What is expected
The stretch from the line with "el apetito, relajación" through the line with "Lost Alexandrine" in the records below: write it out exactly, and nothing else.

Task input
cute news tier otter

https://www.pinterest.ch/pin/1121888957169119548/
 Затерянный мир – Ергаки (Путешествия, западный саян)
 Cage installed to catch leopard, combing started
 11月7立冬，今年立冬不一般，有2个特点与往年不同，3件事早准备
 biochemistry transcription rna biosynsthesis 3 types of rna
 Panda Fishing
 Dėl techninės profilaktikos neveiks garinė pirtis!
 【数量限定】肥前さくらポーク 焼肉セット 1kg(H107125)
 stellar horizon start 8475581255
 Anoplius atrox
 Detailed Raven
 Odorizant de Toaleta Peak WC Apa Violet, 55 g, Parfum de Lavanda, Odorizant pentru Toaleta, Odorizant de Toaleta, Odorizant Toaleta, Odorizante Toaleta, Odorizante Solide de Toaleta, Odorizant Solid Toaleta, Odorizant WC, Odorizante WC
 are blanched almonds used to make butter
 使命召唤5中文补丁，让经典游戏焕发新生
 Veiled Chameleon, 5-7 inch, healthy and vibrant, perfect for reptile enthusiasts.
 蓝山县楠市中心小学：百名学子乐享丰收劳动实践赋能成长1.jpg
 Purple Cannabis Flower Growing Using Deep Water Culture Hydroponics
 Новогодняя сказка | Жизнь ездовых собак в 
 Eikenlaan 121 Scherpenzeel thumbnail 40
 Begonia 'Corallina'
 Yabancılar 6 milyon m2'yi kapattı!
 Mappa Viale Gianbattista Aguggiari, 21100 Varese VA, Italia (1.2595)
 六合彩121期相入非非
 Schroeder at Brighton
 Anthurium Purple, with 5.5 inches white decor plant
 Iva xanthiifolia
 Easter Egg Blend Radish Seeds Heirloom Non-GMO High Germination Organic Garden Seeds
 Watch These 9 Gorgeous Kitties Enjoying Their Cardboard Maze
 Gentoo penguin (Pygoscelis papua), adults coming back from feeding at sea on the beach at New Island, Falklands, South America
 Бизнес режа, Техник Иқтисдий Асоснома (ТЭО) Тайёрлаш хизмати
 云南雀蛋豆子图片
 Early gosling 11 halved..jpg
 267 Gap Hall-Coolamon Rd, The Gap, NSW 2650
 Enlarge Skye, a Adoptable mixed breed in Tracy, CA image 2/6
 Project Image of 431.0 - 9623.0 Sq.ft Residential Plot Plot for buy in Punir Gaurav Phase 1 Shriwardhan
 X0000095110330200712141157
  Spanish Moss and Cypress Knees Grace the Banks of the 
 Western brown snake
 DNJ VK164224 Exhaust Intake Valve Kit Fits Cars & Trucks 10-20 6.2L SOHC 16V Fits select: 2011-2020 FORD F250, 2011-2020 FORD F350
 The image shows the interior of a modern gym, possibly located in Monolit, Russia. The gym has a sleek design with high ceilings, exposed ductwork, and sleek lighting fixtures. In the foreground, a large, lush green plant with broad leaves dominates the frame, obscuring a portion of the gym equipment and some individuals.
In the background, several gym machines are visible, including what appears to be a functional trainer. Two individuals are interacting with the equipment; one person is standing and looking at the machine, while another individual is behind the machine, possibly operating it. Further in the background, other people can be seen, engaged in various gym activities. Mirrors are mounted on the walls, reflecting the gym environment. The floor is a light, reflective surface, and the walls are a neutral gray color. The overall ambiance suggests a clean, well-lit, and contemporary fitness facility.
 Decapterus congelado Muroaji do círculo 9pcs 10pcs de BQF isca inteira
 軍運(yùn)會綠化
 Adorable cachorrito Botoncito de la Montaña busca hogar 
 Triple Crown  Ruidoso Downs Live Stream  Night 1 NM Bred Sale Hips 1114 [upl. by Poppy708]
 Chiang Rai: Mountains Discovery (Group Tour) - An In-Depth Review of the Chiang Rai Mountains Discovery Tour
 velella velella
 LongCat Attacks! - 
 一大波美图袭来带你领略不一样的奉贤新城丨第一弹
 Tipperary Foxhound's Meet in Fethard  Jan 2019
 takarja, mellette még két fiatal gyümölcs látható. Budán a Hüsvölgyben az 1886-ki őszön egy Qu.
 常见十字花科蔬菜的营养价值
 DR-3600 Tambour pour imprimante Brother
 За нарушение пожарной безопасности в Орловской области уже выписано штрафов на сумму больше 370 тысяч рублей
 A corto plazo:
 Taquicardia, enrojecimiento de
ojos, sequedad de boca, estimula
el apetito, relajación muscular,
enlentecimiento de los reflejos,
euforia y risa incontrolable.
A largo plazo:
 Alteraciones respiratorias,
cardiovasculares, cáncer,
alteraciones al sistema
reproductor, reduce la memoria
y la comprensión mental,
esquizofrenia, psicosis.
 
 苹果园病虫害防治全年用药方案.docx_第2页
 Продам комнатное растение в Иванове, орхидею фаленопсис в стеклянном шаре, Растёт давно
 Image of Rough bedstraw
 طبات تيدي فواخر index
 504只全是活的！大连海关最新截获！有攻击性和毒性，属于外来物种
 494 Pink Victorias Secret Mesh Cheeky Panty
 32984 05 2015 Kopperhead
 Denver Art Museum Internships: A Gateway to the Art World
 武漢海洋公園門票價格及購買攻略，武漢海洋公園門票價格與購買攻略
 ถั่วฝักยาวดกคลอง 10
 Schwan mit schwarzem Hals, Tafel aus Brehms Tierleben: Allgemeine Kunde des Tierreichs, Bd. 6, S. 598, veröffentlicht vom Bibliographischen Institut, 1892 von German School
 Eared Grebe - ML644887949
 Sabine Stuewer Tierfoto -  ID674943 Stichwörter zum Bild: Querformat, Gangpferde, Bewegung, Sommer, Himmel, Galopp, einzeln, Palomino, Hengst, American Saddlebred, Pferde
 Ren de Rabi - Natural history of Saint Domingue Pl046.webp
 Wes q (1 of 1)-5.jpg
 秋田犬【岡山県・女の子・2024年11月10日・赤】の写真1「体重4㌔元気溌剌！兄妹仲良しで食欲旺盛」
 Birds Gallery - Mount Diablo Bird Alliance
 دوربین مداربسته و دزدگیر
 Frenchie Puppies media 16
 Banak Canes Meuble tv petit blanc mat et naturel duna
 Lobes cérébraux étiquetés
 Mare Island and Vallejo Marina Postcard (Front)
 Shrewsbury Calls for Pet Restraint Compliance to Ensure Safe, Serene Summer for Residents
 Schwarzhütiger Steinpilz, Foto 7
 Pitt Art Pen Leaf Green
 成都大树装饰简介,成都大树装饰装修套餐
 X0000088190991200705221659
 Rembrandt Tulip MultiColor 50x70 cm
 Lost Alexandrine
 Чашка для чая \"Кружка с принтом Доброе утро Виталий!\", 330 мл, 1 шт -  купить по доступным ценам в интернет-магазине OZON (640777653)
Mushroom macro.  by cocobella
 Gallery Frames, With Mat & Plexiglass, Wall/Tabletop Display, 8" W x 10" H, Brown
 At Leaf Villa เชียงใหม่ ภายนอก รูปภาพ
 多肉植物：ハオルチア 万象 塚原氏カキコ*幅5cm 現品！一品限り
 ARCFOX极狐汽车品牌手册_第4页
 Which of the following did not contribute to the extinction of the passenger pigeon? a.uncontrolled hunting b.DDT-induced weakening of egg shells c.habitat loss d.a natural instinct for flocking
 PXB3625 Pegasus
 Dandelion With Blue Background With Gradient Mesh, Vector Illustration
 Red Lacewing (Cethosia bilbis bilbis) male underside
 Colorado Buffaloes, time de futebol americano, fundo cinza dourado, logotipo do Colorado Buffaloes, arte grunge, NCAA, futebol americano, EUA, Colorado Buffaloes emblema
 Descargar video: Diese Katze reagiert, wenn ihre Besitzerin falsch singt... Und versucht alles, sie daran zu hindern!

Response to the task
el apetito, relajación muscular,
enlentecimiento de los reflejos,
euforia y risa incontrolable.
A largo plazo:
 Alteraciones respiratorias,
cardiovasculares, cáncer,
alteraciones al sistema
reproductor, reduce la memoria
y la comprensión mental,
esquizofrenia, psicosis.
 
 苹果园病虫害防治全年用药方案.docx_第2页
 Продам комнатное растение в Иванове, орхидею фаленопсис в стеклянном шаре, Растёт давно
 Image of Rough bedstraw
 طبات تيدي فواخر index
 504只全是活的！大连海关最新截获！有攻击性和毒性，属于外来物种
 494 Pink Victorias Secret Mesh Cheeky Panty
 32984 05 2015 Kopperhead
 Denver Art Museum Internships: A Gateway to the Art World
 武漢海洋公園門票價格及購買攻略，武漢海洋公園門票價格與購買攻略
 ถั่วฝักยาวดกคลอง 10
 Schwan mit schwarzem Hals, Tafel aus Brehms Tierleben: Allgemeine Kunde des Tierreichs, Bd. 6, S. 598, veröffentlicht vom Bibliographischen Institut, 1892 von German School
 Eared Grebe - ML644887949
 Sabine Stuewer Tierfoto -  ID674943 Stichwörter zum Bild: Querformat, Gangpferde, Bewegung, Sommer, Himmel, Galopp, einzeln, Palomino, Hengst, American Saddlebred, Pferde
 Ren de Rabi - Natural history of Saint Domingue Pl046.webp
 Wes q (1 of 1)-5.jpg
 秋田犬【岡山県・女の子・2024年11月10日・赤】の写真1「体重4㌔元気溌剌！兄妹仲良しで食欲旺盛」
 Birds Gallery - Mount Diablo Bird Alliance
 دوربین مداربسته و دزدگیر
 Frenchie Puppies media 16
 Banak Canes Meuble tv petit blanc mat et naturel duna
 Lobes cérébraux étiquetés
 Mare Island and Vallejo Marina Postcard (Front)
 Shrewsbury Calls for Pet Restraint Compliance to Ensure Safe, Serene Summer for Residents
 Schwarzhütiger Steinpilz, Foto 7
 Pitt Art Pen Leaf Green
 成都大树装饰简介,成都大树装饰装修套餐
 X0000088190991200705221659
 Rembrandt Tulip MultiColor 50x70 cm
 Lost Alexandrine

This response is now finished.